Community
Participate
Working Groups
We use UTF8 as our encoding. We have a properties file which has Hebrew values. When comparing with CVS the remote side, although correctly compared, shows gibberish instead of hebrew where as the local side is OK. I again stress that this does not effect the compare itself and we can sync without a problem, it only looks wrong.
What encoding do you use for the property file? Since property files are by definition ISO-8859-1, I assume you encode the hebrew characters in \uxxxx notation?
We use UTF-8, as I said. It's true, the actual file uses \uxxxx but we use a hebrew character file to insert our properties and than trascode it. This file is also synchronized in CVS and it has the problem. Thanks
From your comment I'm not able to understand how you deal with property files. But anyway, I assume that the file that shows "gibberish instead of hebrew" is stored in UTF-8 encoding in CVS? Is UTF-8 the platform or workbench encoding? If not, does the problem disappear if you explicitely set the workbench encoding to UTF-8?
Both the workbench and the platform is set to UTF-8 and the problem still exists. to explain again my other comment. Since /uxxxx is not human readable we keep a file with hebrew readable charcters. We than use on that file a special parser transcoder which generates the actual properties file with /uxxxx chars in it.
My computer uses UTF-8 as file encoding and the cvs server is configured as ISO-8859-1. When performing a "compare to", the remote file is retrieved as would it be UTF-8 encoded instead of ISO-8859-1.
Marc, you'll have to set the encoding of the local project to match the encoding used on the CVS server, so in your case you'll have to set the project to ISO-8859-1 (which overrides the UTF-8 platform encoding).
Shai, what encoding does the CVS server use? Make sure that both the local resources as well as the server have the same encoding. Eclipse's CVS support does not support automatic translation of encodings.
Andre, the encoding for the project as well as the one for the server are already set to ISO-8859-1. It just seems that Eclipse doesn't look at this setting when performing a diff.
Where do you "set the server encoding to ISO-8859-1" ?
Andre, - in the CVS Repository Exploring perspective, the server encoding is set to Other: ISO-8859-1 - in the Java perspective, the project encoding is set to Other: ISO-8859-1 - each file I want to compare with its previous version has: Default (inherited from container: ISO-8859-1) It doesn't change anything if I force a file's encoding explicely to Other: ISO-8859-1 (and would be quite tedious to do on all files).

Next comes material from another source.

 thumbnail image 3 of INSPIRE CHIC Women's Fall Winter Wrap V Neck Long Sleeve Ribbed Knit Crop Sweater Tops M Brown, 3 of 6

Be aware that the "server encoding" that you can specify for a CVS server does not affect the encoding of the file's content. It is only used for file names and comments. Currently there is no way to specify the encoding for the file's content.
This means that when performing a diff, Eclipse considers content's encoding of: - the local file according to project/file settings - other version received from CVS according to computer's default encoding No really good isn't it?
When performing a diff, Compare uses the IEncodedStorage to determine the encoding for both (or all three) sides. For local resources, this does exactly what you would expect. The implementation for the CVS resources uses the same algorithm as for local files. This is probably not what you would expect because it means that you have to set the encoding for any project shared via CVS to the encoding of the CVS server. I agree, this is suboptimal. I'm moving this bug to Platform/CVS because Compare doesn't control the implementation of IEncodedStorage for CVS resources.
I'm not sure that I fully understand your explaination because I have currently the same encoding for the project and for the cvs server.
And what is the problem you are seeing?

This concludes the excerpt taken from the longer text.